Your assignment:
One part of the entries below is wanted: the lines from the one containing "Зрелая пара ссорится" through the one containing "patrón de tatuaje de cinco estrellas del pie". Write those out exactly and nothing else.

■ ■ ■ ■

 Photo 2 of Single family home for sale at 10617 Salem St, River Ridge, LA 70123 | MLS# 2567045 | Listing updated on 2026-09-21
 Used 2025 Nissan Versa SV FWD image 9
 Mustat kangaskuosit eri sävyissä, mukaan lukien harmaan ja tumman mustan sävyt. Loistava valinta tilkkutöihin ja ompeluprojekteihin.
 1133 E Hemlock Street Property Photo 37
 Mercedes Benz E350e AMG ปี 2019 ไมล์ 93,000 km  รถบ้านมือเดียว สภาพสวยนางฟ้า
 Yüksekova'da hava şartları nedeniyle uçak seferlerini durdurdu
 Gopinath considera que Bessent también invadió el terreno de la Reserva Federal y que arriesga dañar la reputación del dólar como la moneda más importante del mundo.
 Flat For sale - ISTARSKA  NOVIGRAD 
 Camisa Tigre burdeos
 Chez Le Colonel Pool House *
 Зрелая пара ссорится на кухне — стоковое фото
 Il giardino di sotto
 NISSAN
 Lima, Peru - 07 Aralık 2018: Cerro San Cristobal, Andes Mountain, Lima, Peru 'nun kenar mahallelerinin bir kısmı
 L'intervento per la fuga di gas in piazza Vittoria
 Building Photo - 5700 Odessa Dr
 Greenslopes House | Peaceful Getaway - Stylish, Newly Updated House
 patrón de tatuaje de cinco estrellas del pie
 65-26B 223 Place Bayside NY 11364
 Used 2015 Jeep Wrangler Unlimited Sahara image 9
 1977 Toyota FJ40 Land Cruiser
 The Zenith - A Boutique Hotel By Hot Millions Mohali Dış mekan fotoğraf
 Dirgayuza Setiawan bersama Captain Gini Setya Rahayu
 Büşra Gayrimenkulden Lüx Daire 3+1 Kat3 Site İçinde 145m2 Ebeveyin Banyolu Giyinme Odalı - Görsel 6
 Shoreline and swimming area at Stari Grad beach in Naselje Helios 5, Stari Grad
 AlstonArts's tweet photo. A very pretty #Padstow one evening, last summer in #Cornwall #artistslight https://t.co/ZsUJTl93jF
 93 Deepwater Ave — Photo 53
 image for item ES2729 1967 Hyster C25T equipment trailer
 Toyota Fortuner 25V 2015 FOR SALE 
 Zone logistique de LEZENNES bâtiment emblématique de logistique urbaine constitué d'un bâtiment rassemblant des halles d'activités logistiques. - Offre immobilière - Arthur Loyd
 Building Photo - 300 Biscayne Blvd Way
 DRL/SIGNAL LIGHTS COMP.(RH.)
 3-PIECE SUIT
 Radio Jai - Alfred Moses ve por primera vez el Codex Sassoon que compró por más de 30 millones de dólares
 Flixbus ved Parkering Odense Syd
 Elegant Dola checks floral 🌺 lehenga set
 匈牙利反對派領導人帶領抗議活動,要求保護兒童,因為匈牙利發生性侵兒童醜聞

■ ■ ■ ■

Solution:
 Зрелая пара ссорится на кухне — стоковое фото
 Il giardino di sotto
 NISSAN
 Lima, Peru - 07 Aralık 2018: Cerro San Cristobal, Andes Mountain, Lima, Peru 'nun kenar mahallelerinin bir kısmı
 L'intervento per la fuga di gas in piazza Vittoria
 Building Photo - 5700 Odessa Dr
 Greenslopes House | Peaceful Getaway - Stylish, Newly Updated House
 patrón de tatuaje de cinco estrellas del pie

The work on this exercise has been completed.